Take this example, from a 2005 statement by the New Zealand Prime Minister, Helen Clark:
Treasury estimates that our GDP per capita would rise by 5.1 per cent if we lifted our participation rates overall to the average of the top five OECD nations. That’s a worthwhile objective and at this time of labour shortage, it’s a good time to be pursuing it. In last year’s Statement I highlighted the need to increase women’s participation in the workforce, and a number of steps have been taken to do that.In other words, an increase in GDP per capita has become an objective in itself. Anybody who has always lived and breathed politics is going to think like that: the things that matter to such a person are aggregated quantifiable data. The flaw is that such data do not accurately measure the well being of society. Devised primarily to measure the output of manufacturing economies, GDP does not take into account changes in the quality of the physical environment, nor the distribution of income, nor social problems such as crime and homelessness. It ignores human capital (the education and skills that are embodied in the work force) and it fails to account for leisure time or the unpaid work of parents or family members. It cannot account for these things because they do not generate a flow of money. When GDP becomes a target these failings become more important than a measurement error. They underlie policymakers’ favouring of the big and measurable.

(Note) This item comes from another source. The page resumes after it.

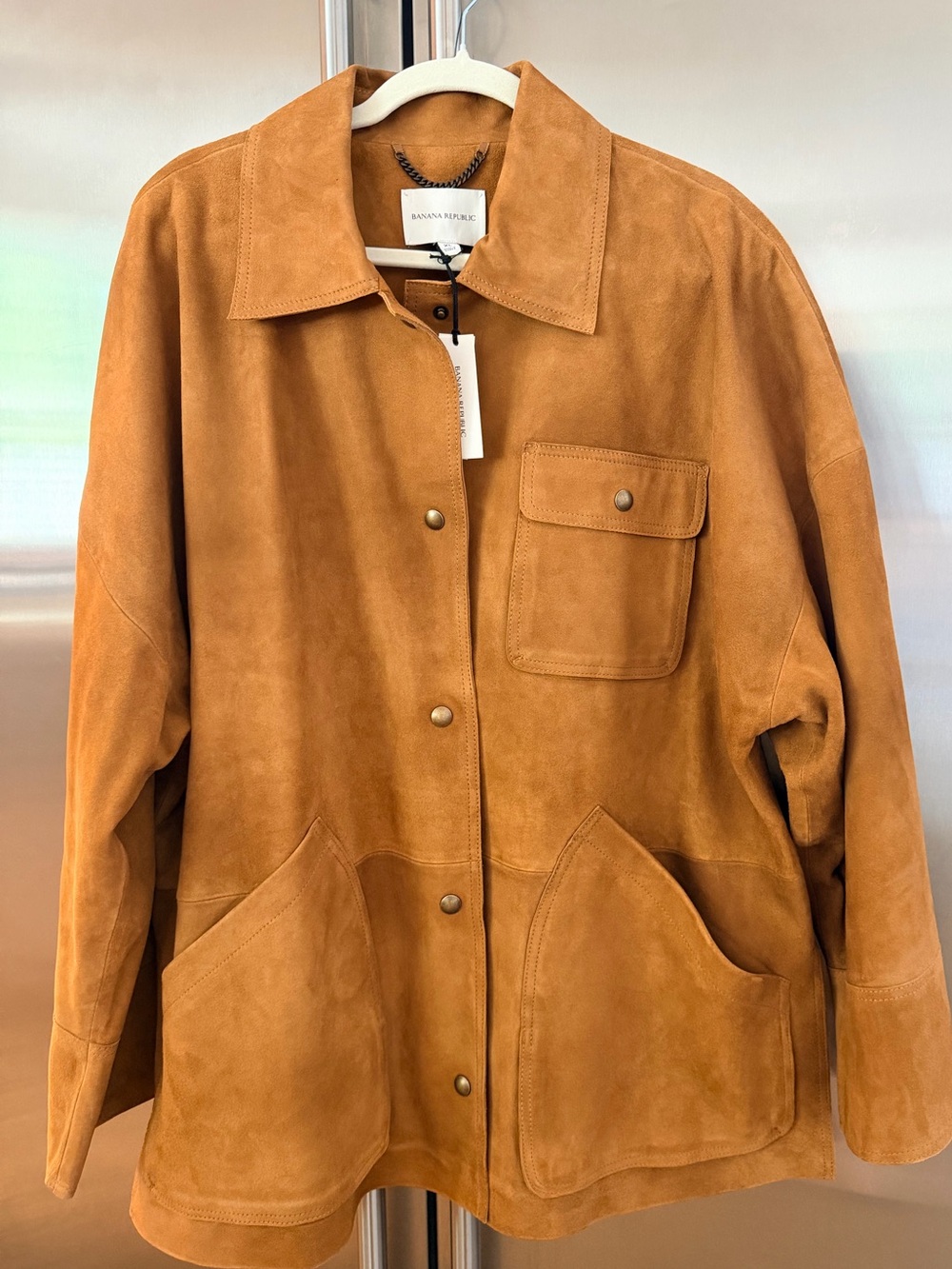 NWT Banana Republic Heritage Suede Jacket XL Caramel - Picture 6 of 7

Statistics like GDP should never have assumed the authority they have nowadays, but they have done so by default, because we have failed explicitly to target outcomes that are actually meaningful, whose quantifiable measures are correlated with societal well being, at least at the lower ends of their ranges. We should, for instance, be targeting such measures as infant mortality, basic numeracy and literacy, basic levels of education and housing, employment levels. At a global level meaningful targets would be the spread of nuclear weapons, violent political conflict, and critical environmental indicators, such as climate stability.
But politicians, especially career politicians, find it hard to think in this way. They are not ordinary people. Their identification of success with GDP per capita is exactly analogous to a corporation’s appetite for profits: an end in itself. Nothing else matters. So Ms Clark for all her ambition may well see a small tick upwards in the New Zealand GDP. It’s the children whose mothers join the workforce who will bear the consequences.